Please have a look at #1419

There is no concrete solution for your problems but further resources to read. The pattern matching rules of rsync are not easy.

EDIT: Took some time to understand your problem. We have to take a closer look into the related rsync rules. I assume that there is a solution for your case without modifying BITs behavior in ordering include/excludes.

EDIT2: This pattern matching with rsync always gives me a headache.

buhtz avatar Apr 06 '23 20:04 buhtz

Hi, thanks for the response :-)

i found this article helpful too: https://zingbretsen.com/blog/rsync-include-exclude that's how i figured out how to edit the command and have it work when running manually.

i went down a bit of a rabbit hole last night, ran a bunch of rsync commands, and i'm pretty sure i have it figured out. sorry this a bit of an info dump.

i believe it is a simple internal fix and is half the solution to #561

Expected Behavior:

  • included files should always be included in backup
  • included folders should always be included in backup
  • children of included folders should be included unless excluded
  • excluded files should be excluded unless explicitly included
  • excluded folders should be excluded unless explicitly included
  • children of excluded folders should be excluded unless explicitly included

rsync: include & exclude

  • once something is included ~~it is in unless excluded~~ it cannot be excluded. (edit)
    • it's children will be included unless excluded, hence the universal exclude at the end. (edit)
  • once something is excluded it cannot be included.
  • for rsync to include something, it needs to "see" it. so all of the parent directories need to be included as well.

The order of two or more include clauses doesn't seem to matter. Similarly for two or more exclude clauses. But the relative order of include and exclude is really important.

backintime

  • includes are input and stored as files or folders and are handled differently by the rsyncInclude() method in snapshots.py
    • rsyncInclude() outputs two sets for the first and second include chunks (see below)
  • excludes are input by pattern, file, or folder. all are stored as strings and have no special handling by the rsyncExclude() method.

The rsyncSuffix() method builds the include/exclude part of the rsync command run for snapshots. This is grouped into 5 alternating chunks:

  1. exclude backup location and BiT config files
  2. include1: currently: folders and parent folders (should include files)
  3. exclude the exclude list
  4. include2: currently: files and folder children, /path/to/folder/** (should only be folder children)
  5. universal exclude, --exclude=*

Because BiT isn't adding the included files until after the exclude rules, they cannot be added. They need to be added to the first include chunk.

This can easily be done by changing line 2012 from:

                items2.add('--include={}'.format(folder))

to:

                items1.add('--include={}'.format(folder))

insubstudios avatar Apr 07 '23 18:04 insubstudios

Thanks a lot for analyzing and breaking this down. This will help a lot.

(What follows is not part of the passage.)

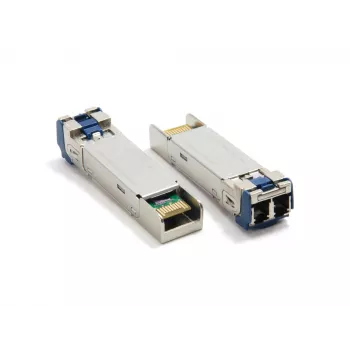 LevelOne GVT-0301 1.25Gbps vienmodis SFP siųstuvas-imtuvas, 10km, 1310nm, SFP, LC, 9/125 µm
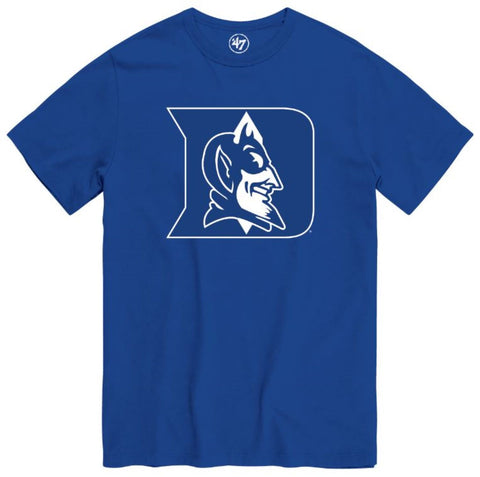 '47 NCAA Duke Blue Devils Fan Tee - Blue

I'm not well into rsync behavior. And I'm always scared that modifying this will influence BITs default behavior and break someones other backups.

Because of that I'm very pedantic about a fix. I would like to dive deep into that rabit hole and understand all the details of how rsync behavior. That is how I can be "sure" about no one else is harmed by such a fix. It will take time I don't have currently. There are three other maintainers in the team but their time is also limited.

But I add the high priority label and the next-release-milestone to that Issue.

buhtz avatar Apr 07 '23 19:04 buhtz

Thank you. Understandable. There's never enough time.

insubstudios avatar Apr 07 '23 21:04 insubstudios

Workaround

i found a workaround for now:

add the include parameters into "additional options" under the "Expert Options" tab in settings.

this is inserted in the rsyncPrefix (defined in common/tools.py) so it is inserted before any other inlcude or exclude arguments.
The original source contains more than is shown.